— JAROSŁAW KUŹNIAR DO IWONY SULIK W TVN24: Jak nazwać premiera, który jedno mówi, drugie robi?

— SULIK: A kto ma takiego premiera?

— KUŹNIAR: Polacy.

— IWONA SULIK DALEJ: Na konferencji 7 stycznia [podsumowującej 100 dni rządu] nie padło ani razu słowo “likwidacja”. Pani premier robi dokładnie to, co mówi. 4 kopalnie miały trafić do spółki restrukturyzacyjnej – trafiły. Po to, by im pomóc z pieniędzy publicznych. Te kopalnie są złe, były zagrożone, i miały być wygaszone. Części złe należy oddzielić od części dobrych. Jest poszukiwany inwestor, są już składane oferty, ale trzeba każdego inwestora dokładnie prześwietlić. O nowelizację ustawy górniczej oparte jest całe porozumienie. Chodziło o to, żeby żaden górnik dołowy nie stracił pracy.

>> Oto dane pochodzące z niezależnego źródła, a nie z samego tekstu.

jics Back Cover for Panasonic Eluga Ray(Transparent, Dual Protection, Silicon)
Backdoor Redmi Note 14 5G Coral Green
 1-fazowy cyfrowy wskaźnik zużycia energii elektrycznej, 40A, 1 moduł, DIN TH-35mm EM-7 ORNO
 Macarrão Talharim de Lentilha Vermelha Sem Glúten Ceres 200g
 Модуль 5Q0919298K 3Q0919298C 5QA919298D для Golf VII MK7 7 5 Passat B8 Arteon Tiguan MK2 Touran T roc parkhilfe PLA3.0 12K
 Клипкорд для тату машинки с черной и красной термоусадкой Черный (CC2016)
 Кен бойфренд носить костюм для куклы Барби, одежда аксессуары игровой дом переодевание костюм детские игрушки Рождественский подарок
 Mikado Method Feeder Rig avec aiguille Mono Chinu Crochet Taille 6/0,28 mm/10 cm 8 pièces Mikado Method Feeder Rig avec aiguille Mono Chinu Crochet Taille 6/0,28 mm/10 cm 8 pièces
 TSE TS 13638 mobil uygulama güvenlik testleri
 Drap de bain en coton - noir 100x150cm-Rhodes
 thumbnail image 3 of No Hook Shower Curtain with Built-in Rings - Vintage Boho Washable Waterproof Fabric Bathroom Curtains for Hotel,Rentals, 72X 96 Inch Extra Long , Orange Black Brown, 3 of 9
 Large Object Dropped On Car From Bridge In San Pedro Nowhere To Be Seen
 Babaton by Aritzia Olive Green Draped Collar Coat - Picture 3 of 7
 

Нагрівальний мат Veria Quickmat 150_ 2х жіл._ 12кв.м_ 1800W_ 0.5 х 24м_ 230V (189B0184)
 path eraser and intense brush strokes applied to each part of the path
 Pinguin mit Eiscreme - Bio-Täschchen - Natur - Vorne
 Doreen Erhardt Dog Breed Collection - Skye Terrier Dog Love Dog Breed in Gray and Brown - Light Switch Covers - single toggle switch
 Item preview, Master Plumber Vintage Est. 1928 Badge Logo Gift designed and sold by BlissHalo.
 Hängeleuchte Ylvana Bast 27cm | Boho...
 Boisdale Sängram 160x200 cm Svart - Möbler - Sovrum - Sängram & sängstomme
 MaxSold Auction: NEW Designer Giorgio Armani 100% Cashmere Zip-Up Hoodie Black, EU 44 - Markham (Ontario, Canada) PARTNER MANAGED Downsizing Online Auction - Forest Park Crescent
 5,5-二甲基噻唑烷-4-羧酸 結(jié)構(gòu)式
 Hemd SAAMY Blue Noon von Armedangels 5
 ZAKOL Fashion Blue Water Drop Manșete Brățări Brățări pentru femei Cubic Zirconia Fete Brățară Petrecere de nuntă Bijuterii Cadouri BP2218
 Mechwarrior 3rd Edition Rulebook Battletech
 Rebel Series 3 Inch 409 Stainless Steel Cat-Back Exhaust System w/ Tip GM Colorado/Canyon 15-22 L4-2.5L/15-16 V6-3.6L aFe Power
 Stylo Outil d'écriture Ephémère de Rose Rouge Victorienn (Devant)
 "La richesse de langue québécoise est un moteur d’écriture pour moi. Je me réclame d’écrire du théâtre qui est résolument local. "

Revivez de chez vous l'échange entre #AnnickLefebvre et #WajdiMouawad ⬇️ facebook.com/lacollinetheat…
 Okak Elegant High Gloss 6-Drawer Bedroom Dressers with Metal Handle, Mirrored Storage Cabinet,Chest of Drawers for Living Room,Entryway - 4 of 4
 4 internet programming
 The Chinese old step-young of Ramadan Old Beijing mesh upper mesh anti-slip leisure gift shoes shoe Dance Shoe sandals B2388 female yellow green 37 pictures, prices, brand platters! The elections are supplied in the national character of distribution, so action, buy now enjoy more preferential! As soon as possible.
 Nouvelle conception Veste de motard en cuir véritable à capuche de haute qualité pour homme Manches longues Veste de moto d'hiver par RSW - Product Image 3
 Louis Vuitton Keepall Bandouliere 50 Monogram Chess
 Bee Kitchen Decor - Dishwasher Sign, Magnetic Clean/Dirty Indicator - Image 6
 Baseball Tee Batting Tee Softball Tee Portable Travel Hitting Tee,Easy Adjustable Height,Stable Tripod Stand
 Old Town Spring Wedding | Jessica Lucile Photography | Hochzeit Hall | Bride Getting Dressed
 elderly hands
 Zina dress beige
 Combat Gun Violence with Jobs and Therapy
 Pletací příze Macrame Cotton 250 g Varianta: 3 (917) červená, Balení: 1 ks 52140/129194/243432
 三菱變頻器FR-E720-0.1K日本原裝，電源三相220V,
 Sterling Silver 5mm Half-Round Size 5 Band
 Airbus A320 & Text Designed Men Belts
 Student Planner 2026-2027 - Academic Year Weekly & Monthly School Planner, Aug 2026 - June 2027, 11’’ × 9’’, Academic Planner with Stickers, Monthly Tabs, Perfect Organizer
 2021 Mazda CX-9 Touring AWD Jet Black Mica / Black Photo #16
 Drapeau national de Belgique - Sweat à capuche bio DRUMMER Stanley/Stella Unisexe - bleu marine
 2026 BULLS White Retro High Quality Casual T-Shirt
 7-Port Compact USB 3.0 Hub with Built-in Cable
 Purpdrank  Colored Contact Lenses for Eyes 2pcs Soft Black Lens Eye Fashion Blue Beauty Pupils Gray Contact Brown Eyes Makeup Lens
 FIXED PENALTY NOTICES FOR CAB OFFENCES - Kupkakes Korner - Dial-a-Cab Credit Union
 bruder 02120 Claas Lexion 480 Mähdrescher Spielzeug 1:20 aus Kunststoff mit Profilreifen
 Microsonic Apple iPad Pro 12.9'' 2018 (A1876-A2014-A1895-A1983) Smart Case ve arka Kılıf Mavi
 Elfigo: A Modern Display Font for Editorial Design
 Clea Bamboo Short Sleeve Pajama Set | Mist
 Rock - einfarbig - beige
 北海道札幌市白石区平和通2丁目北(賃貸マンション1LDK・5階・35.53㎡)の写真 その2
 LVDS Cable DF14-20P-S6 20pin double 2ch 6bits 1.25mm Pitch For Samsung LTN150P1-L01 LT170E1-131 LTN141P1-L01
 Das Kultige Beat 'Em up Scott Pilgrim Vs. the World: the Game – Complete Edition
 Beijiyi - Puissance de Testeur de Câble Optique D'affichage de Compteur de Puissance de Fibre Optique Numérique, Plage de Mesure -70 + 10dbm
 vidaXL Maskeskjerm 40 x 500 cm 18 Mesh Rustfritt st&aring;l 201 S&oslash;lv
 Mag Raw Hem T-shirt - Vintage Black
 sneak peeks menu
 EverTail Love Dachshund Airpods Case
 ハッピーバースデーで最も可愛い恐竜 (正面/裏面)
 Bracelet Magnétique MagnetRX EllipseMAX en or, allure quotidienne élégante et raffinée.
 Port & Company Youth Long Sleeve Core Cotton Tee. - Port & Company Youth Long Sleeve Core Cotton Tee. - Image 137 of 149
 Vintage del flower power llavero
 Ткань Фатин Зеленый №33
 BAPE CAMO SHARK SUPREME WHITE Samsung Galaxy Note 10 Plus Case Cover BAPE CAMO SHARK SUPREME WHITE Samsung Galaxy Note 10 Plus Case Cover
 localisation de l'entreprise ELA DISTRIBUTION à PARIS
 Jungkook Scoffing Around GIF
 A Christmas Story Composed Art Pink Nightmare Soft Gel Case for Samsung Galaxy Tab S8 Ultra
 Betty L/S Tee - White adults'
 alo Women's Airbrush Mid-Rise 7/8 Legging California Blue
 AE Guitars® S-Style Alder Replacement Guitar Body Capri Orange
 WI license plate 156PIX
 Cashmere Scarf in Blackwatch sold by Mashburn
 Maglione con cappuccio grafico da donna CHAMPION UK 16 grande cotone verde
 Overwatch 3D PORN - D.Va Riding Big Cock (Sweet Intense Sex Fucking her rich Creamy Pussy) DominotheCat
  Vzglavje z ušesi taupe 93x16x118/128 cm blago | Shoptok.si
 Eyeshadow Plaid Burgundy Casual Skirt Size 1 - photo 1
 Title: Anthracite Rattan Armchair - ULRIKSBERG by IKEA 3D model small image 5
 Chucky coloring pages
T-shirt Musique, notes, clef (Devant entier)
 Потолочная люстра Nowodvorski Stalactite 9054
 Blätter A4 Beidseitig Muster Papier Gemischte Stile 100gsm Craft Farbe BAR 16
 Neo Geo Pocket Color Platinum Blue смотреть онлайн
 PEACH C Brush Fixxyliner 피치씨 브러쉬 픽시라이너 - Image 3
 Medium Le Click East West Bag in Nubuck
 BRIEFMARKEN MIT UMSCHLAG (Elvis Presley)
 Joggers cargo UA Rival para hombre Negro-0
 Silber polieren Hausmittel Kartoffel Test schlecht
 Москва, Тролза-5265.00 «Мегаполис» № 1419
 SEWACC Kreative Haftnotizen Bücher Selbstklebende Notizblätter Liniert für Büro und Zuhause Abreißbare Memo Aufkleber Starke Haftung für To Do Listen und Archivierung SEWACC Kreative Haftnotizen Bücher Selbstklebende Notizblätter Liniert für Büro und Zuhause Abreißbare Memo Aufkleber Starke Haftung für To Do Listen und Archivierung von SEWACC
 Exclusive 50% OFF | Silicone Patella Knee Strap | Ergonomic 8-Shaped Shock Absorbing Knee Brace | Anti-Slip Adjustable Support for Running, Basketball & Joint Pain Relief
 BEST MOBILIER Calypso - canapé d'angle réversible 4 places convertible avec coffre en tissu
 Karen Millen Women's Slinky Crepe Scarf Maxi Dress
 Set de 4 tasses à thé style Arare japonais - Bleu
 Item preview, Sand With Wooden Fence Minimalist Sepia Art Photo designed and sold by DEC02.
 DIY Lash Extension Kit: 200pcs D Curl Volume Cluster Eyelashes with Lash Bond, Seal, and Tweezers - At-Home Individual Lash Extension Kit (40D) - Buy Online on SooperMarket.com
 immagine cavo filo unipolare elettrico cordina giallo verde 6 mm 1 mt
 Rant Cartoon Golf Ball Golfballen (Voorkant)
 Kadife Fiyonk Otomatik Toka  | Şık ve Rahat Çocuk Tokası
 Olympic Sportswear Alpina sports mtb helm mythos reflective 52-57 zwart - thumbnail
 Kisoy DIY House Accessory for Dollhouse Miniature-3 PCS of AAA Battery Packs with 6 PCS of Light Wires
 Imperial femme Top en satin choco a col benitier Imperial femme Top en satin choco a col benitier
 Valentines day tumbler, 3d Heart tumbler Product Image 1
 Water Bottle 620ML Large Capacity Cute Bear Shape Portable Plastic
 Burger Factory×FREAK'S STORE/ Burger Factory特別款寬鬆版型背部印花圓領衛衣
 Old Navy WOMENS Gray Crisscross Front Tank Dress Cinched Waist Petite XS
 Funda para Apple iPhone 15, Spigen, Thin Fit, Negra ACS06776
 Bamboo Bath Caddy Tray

Jeśli pani premier zechciałaby zostać Margaret Thatcher, to źle by o niej świadczyło.

— KUŹNIAR: Wydaje mi się, że rząd został pokonany przez górników.

— SULIK: Rząd przygotował program, który rozpoczął proces naprawy górnictwa węgla kamiennego, program został zaakceptowany przez górników.

– O APELU ZWIĄZKOWCÓW DO RZĄDU O ROZMOWY: 26 stycznia minister pracy Władysław Kosiniak-Kamysz jest umówiony na spotkanie ze związkami zawodowymi. Oni zadeklarowali, że tam będą. Miejsce na takie rozmowy to komisja trójstronna, To związki zawodowe zerwały ten dialog. Należy ten dialog podjąć, w ramach określonych przez prawo. Jeśli dotychczasowa formuła, zdaniem związkowców się wyczerpała, to nic nie stoi na przeszkodzie, aby pracować nad taką, która będzie do zaakceptowania dla wszystkich.

— MARCIN MASTALEREK W TOK FM: Po serii wizerunkowych wpadek, dowiedzieliśmy się z jednego z tygodników że teraz pani premier Kopacz będzie poważna i zajmie się realnymi  problemami. Górnicy stali się propagandową i PR-owską ofiarą pani premier, która chciała pokazać, że jest twarda. W ogóle to nie powinno tak wyglądać, co to za kompromis? Rząd miał przystawiony przysłowiowy pistolet do głowy – zgadzam się z Piotrem Dudą.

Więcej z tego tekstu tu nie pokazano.